Nov. 13, 2018 · United States District Court for the Eastern District of California · No. 2:17-cv-00350-JAM-AC
351 F. Supp. 3d 1301

Anthony Marc MOSTAJO, and Elaine Quedens, on Behalf of Himself and all Others Similarly Situated, Plaintiffs,
v.
NATIONWIDE MUTUAL INSURANCE COMPANY, and Does 1 through 50, Inclusive, Defendants.

No. 2:17-cv-00350-JAM-AC

United States District Court, E.D. California.

Signed November 13, 2018
Filed November 14, 2018

*1302Robin G. Workman, Workman Law Firm, PC, San Francisco, CA, for Plaintiffs.

Barbara Allyn Blackburn, Britney Noelle Torres, Littler Mendelson, P.C., Sacramento, CA, Daniel W. Srsic, Pro Hac Vice, Littler Mendelson, P.C., Columbus, OH, James J. Oh, Pro Hac Vice, Littler Mendelson, Chicago, IL, Richard H. Rahm, Kai-Ching Cha, Michael J. Hui, Littler Mendelson, P.C., San Francisco, CA, for Defendants.

ORDER GRANTING PLAINTIFFS' MOTION FOR PARTIAL SUMMARY JUDGMENT AND DENYING DEFENDANT'S CROSS-MOTION FOR PARTIAL SUMMARY JUDGMENT

JOHN A. MENDEZ, UNITED STATES DISTRICT JUDGE

Anthony Marc Mostajo and Elaine Quedens ("Plaintiffs") bring class claims against Nationwide Mutual Insurance Company ("Defendant" or "Nationwide"), their former employer, for Nationwide's alleged failure to pay overtime and unused but accrued vacation time to claims adjusters in California. Second Am. Compl., ECF No. 23.

The parties filed cross-motions for summary judgment on a single issue: whether Nationwide's "Your Time Program," through which Nationwide provides a paid a time-off benefit to its employees, is regulated by ERISA. Mostajo Mot., ECF No. 29-1; Nationwide Opp'n and Cross-Mot., ECF No. 39. Plaintiffs argue the Your Time Program is an ERISA-exempt "payroll practice"; Nationwide asserts the contrary. Id.

For the reasons set forth below, the Court GRANTS Plaintiffs' motion and DENIES Defendant's cross-motion.1

*1303I. PROCEDURAL BACKGROUND

Defendant Nationwide is based in Columbus, Ohio and provides insurance and financial services throughout the United States.
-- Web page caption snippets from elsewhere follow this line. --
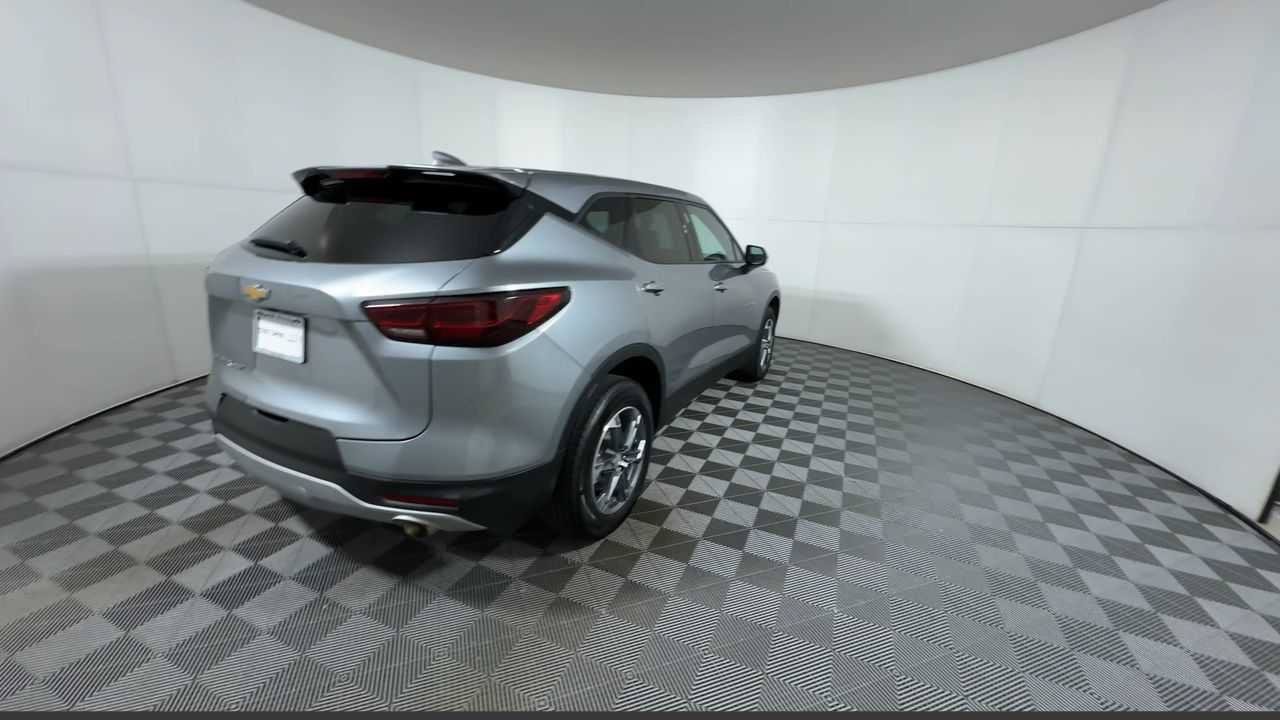 Certified 2025 Chevrolet Blazer LT AWD/4WD image 8
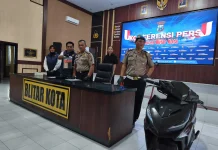 Pertemuan dengan Kenalan Online Berakhir Jadi Korban Perampasan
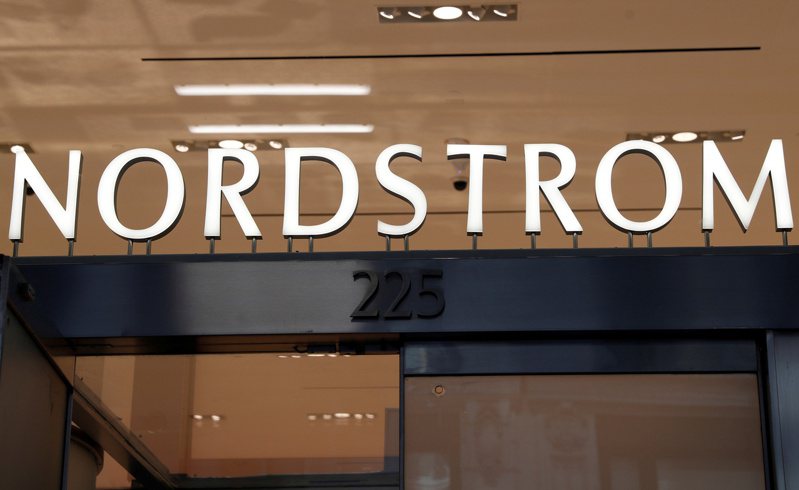 美國加州舊金山灣區高級百貨公司「諾斯壯」（Nordstrom）20日晚間遭到80名蒙面搶匪大規模搶劫。路透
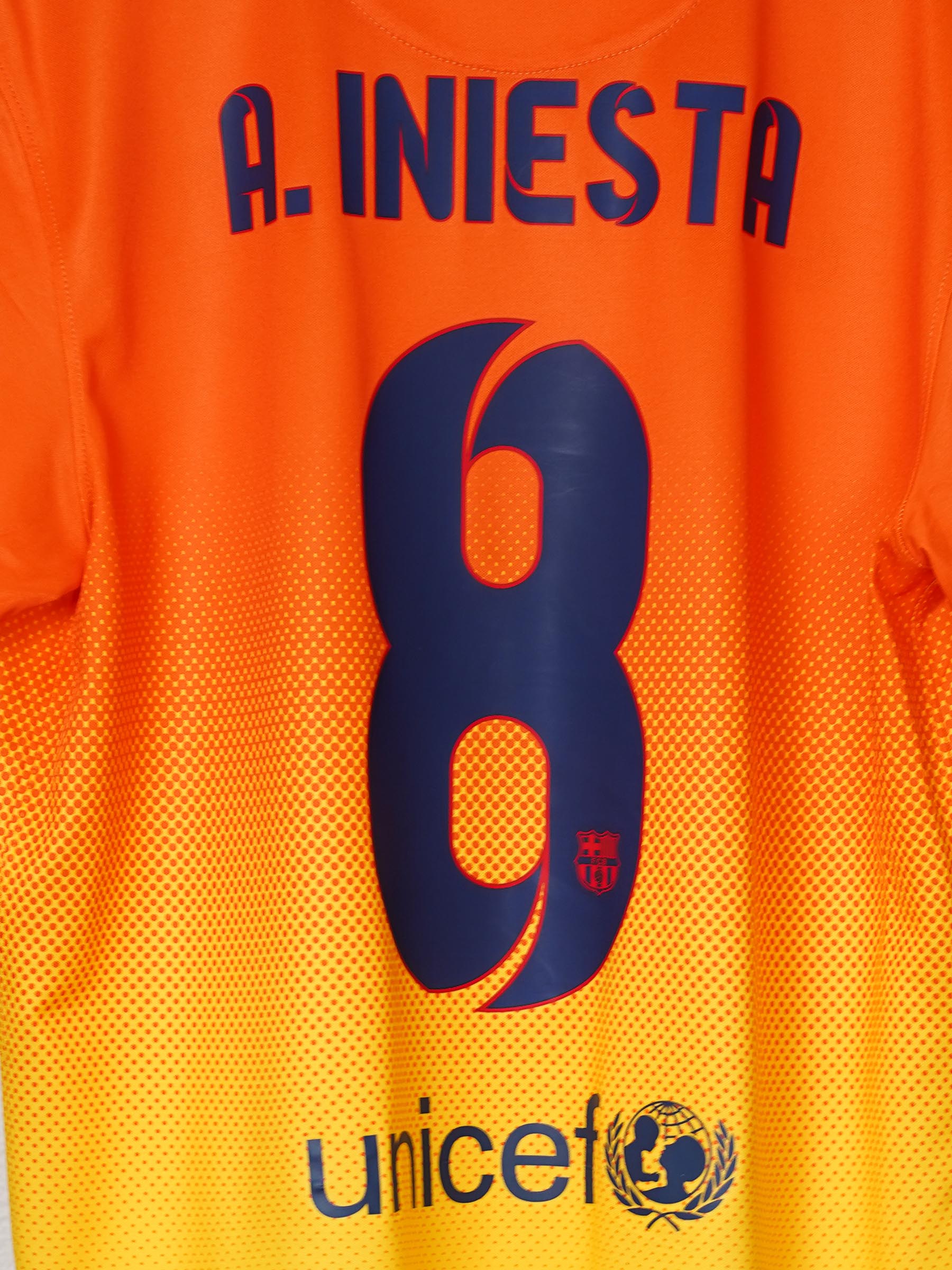 2012/13 FC Barcelona A.Iniesta #8 Away Shirt (S) Nike – First11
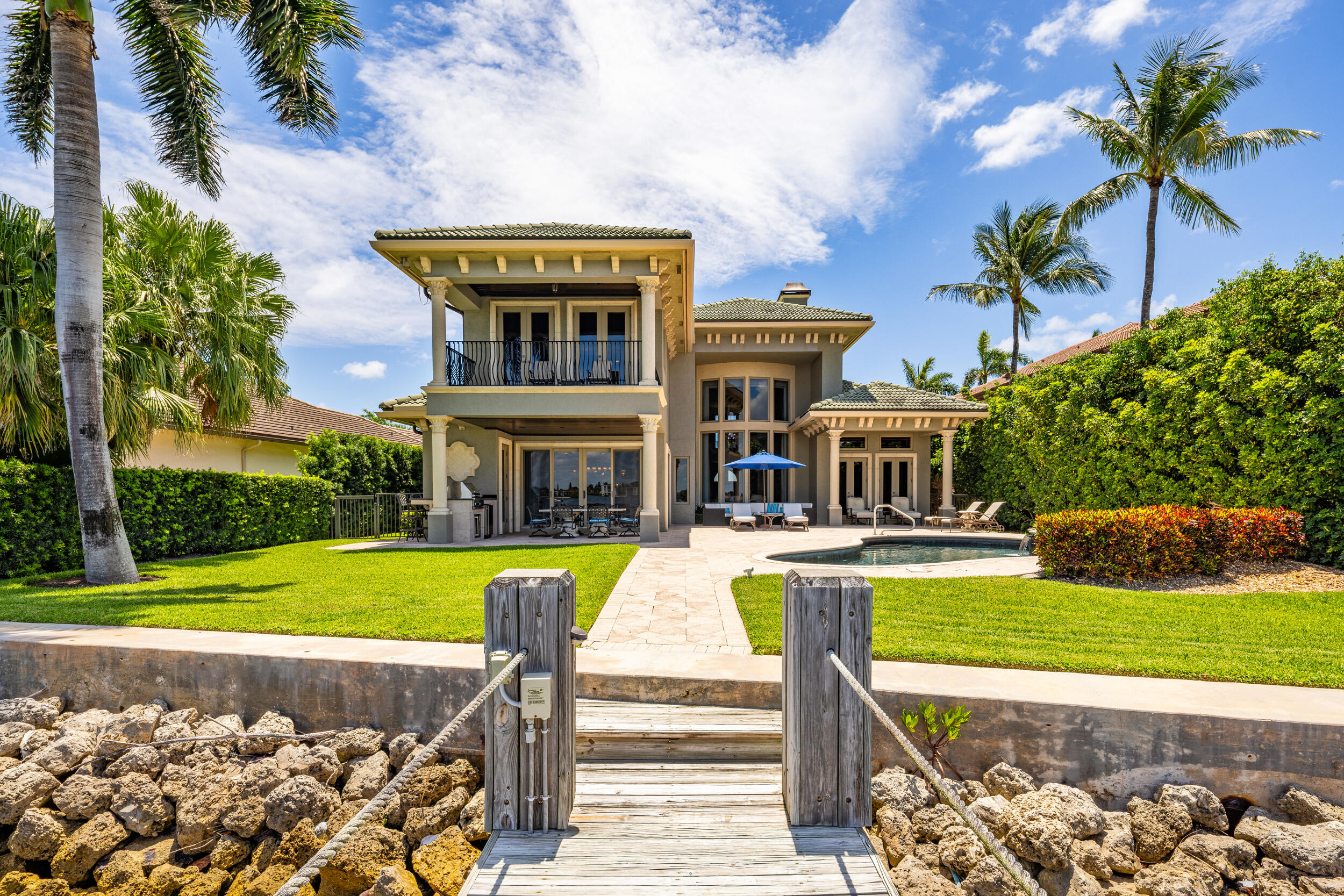 1207 N Atlantic, Lantana FL 33462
Plaintiffs Anthony Marc Mostajo ("Mostajo") and Elaine Quedens ("Quedens") worked for Nationwide as claims adjusters in California from 1998 to December 2015 and January 2016, respectively. Mostajo Decl., ECF No. 29-6, at 1; Quedens Decl., ECF No. 29-7, at 1.

On January 9, 2017, Mostajo filed a Complaint against Nationwide in the Superior Court of the State of California, County of Sacramento (Case No. 34-2017-00206005-CU-OE-GDS), alleging, among other individual claims, class claims for Nationwide's failure to pay overtime in violation of the California Labor Code and California Business and Professions Code. Compl., ECF No. 1-9. The putative class consists of all claims adjusters employed by Nationwide in California since January 2013. Compl. ¶ 11. A month later, Mostajo, joined by Quedens, amended the complaint to include a class claim for failure to pay, upon termination, accrued but unused vacation time. Am. Compl., ECF No. 1-11. Shortly thereafter, Nationwide removed the case to federal court. Notice of Removal, ECF No. 1.

On February 15, 2018, Plaintiffs filed their Second Amended Class Action Complaint against Nationwide which includes, in relevant part, an allegation that that Nationwide "had in place a policy whereby it failed to pay for all accrued vacation time, precluding claims adjusters from carrying over all accrued vacation time from year to year" and "failed to pay all accrued vacation time at termination." Second Am. Compl. ¶ 7. Based on this policy, Plaintiffs allege that Nationwide violated California Labor Code Section 227.3, which requires employers to pay employees for all accrued vacation time. Id. ¶¶ 41-50.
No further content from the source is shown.